3.7 Maintain proper books of record and account, in which full, true and correct entries in conformity with its existing business practice shall be made of all financial transactions and matters involving its assets and business.
3.8 Permit representatives of the Holders to visit and inspect any of its properties, to examine its corporate, financial and operating records, and make copies thereof or abstracts therefrom, and to discuss its affairs, finances and accounts with its directors, officers, and independent public accountants, at such reasonable times during normal business hours and as often as may be reasonably desired, upon reasonable advance written notice to the Company; provided, however, that when an Event of Default exists, the Holders (or any of their respective representatives) may do any of the foregoing at any time during normal business hours and without advance written notice.
3.9 Promptly (a) notify the Holders upon the formation or acquisition of any Subsidiary of the Company and (b) upon the reasonable request by any Holder, (i) correct any material defect or error that may be discovered in any Note Document or in the execution, acknowledgment, filing or recordation thereof, and (ii) do, execute, acknowledge, deliver, record, re-record, file, re-file, register and re-register any and all such further deeds, certificates, assurances and other instruments as the Holders may reasonably require from time to time in order to (A) carry out more effectively the purposes of the Note Documents, (B) to the fullest extent permitted by applicable law, subject the Company’s or the Subsidiaries’ properties, assets, rights or interests to the liens covered by the Security Agreement, (C) perfect and maintain the validity, effectiveness and priority of the Security Agreement and any of the liens created thereunder and (D) assure, convey, grant, assign, transfer, preserve, protect and confirm more effectively unto the Holders the rights granted to the Holders under any Note Document or under any other instrument executed in connection with any Note Document to which the Holders are a party, and cause each of the Subsidiaries to do so; and cause each domestic Subsidiary (formed or acquired after the date hereof) to be a party to the Guaranty and the Security Agreement.
3.10 File all reports required to be filed with the SEC by the due date thereof.
3.11 In the event the Notes are held by more than one Person, enter into an amendment of the Security Agreement and the Guaranty, as reasonably requested by the Holders, to provide for, among other things, the appointment of an agent to act on behalf of the Holders and other customary provisions relating to such appointment.

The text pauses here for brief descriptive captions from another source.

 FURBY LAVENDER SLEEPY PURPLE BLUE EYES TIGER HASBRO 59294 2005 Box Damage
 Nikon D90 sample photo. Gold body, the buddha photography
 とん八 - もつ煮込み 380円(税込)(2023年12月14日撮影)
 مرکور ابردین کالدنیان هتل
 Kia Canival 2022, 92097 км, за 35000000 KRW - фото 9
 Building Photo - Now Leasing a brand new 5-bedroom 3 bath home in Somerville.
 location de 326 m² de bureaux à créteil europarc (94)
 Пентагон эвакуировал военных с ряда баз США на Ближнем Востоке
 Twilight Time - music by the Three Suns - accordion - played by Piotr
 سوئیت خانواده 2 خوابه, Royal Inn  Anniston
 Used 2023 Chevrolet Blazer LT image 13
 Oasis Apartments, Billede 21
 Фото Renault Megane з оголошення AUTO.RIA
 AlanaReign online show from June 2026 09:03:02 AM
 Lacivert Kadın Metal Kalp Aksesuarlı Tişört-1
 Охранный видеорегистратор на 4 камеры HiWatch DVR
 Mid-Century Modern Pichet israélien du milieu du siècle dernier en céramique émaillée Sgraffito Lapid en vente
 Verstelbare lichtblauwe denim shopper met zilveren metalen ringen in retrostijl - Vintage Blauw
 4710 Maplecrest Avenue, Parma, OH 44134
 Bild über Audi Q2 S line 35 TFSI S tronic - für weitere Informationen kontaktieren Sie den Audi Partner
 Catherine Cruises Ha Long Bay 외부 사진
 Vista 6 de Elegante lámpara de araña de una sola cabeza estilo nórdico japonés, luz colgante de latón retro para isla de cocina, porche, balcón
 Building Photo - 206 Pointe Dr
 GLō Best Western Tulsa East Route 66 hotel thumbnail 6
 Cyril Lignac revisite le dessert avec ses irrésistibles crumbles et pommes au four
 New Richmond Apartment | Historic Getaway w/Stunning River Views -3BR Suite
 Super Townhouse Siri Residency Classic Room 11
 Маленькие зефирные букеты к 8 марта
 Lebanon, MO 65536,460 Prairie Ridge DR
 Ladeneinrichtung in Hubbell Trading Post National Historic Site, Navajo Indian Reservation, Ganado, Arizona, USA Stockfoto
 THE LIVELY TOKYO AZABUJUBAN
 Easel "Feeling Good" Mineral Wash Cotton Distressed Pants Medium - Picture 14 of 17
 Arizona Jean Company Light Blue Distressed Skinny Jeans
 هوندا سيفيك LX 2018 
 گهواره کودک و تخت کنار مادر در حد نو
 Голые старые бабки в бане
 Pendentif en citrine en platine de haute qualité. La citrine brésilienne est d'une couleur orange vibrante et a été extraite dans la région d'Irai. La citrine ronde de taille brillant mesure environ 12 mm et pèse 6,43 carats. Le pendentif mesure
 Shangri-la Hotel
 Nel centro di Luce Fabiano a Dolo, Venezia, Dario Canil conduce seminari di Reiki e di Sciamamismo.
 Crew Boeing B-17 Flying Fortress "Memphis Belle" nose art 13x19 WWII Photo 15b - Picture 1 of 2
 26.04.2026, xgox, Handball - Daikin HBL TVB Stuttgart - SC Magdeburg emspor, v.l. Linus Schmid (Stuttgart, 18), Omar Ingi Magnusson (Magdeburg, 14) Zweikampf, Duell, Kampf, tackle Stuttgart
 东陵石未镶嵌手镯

4. | Negative Covenants. |
Except as otherwise consented to or waived by the Majority Holders, the Company will not (and will not permit any of its Subsidiaries to), for so long as any amount due under any Note is outstanding:
4.1 Declare or pay any dividends on any capital stock, purchase, redeem, retire or otherwise acquire for value any of its capital stock (except for shares of Common Stock repurchased from current or former employees, consultants, or directors upon termination of service in accordance with plans approved by the Board), or otherwise make any distribution or payment to any holder of its capital stock in respect of such capital stock.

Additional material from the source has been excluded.